The enterprising duo turned their notorious baobab (it has been called the world’s largest, the world’s widest and the world’s oldest) into a bar in 1993 soon after buying the mango and palm farm where it has been growing for, some say, longer than 6000 years. The problem with baobabs is they don’t produce rings. The only way to estimate their age is with carbon dating.

But this we can say with some certainty: This gargantuan tree was around long before the Ginza Pyramid. And while it doesn’t attract quite as many tourists as the oldest of the world’s seven wonders, it does attract a lot of imbibers who come to snap pictures of themselves clinking steins inside the trunk of a living tree.
The record-setting baobab is about seven stories high, 155-feet in circumference and has withstood drought, lightning strikes, black fungus and marauding elephants, all problems with which its weaker peers couldn’t cope. In African legend, the baobab is sacred. It isn’t called “The Tree of Life” for nothing. Hundreds of birds, insects and small mammals live in the branches and knots of baobabs and its fruit, known as monkey bread, has four times the Vitamin C as an orange. Locals use it for fiber, dye, fuel and even on their plates as a nutritious leafy vegetable.

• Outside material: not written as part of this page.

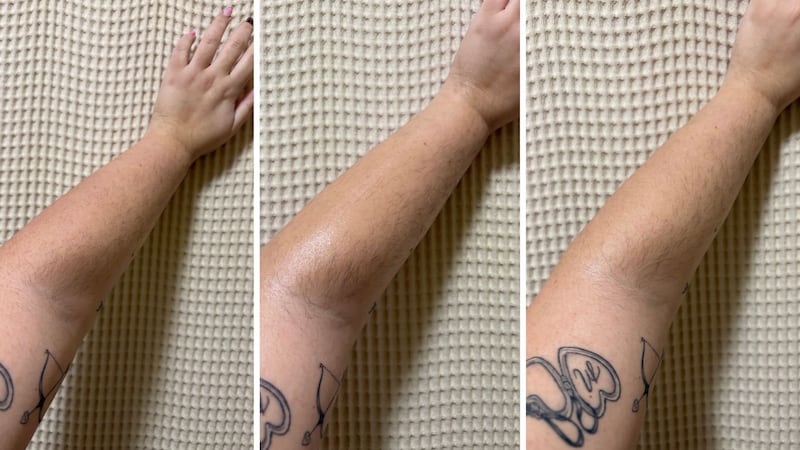 three images showing Bianca's dry arm before putting the cream on, her moisturized arm after putting the cream on, and her skin still moisturized 24 hours later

Jokes government botanist, Hugh Glen, “The only problem with the baobab is it doesn’t get handsome until it’s about 800 years old.”

When the van Heerdens first began clearing their tree’s innards, they found artifacts from ancient bushmen who believe the following: Drinking water in which baobab seeds have been soaked protects you from crocodile attack. Feeding your baby a mixture of its bark and seeds ensures a long, healthy life. Plucking a flower from a baobab’s branches portends a lion attack.

I can’t attest to any of those myths, but I can say this with total authority: There’s no better way to while away a summer afternoon in the South Africa savannah than drinking Castle Lager inside a monster baobab tree. Cheers!!!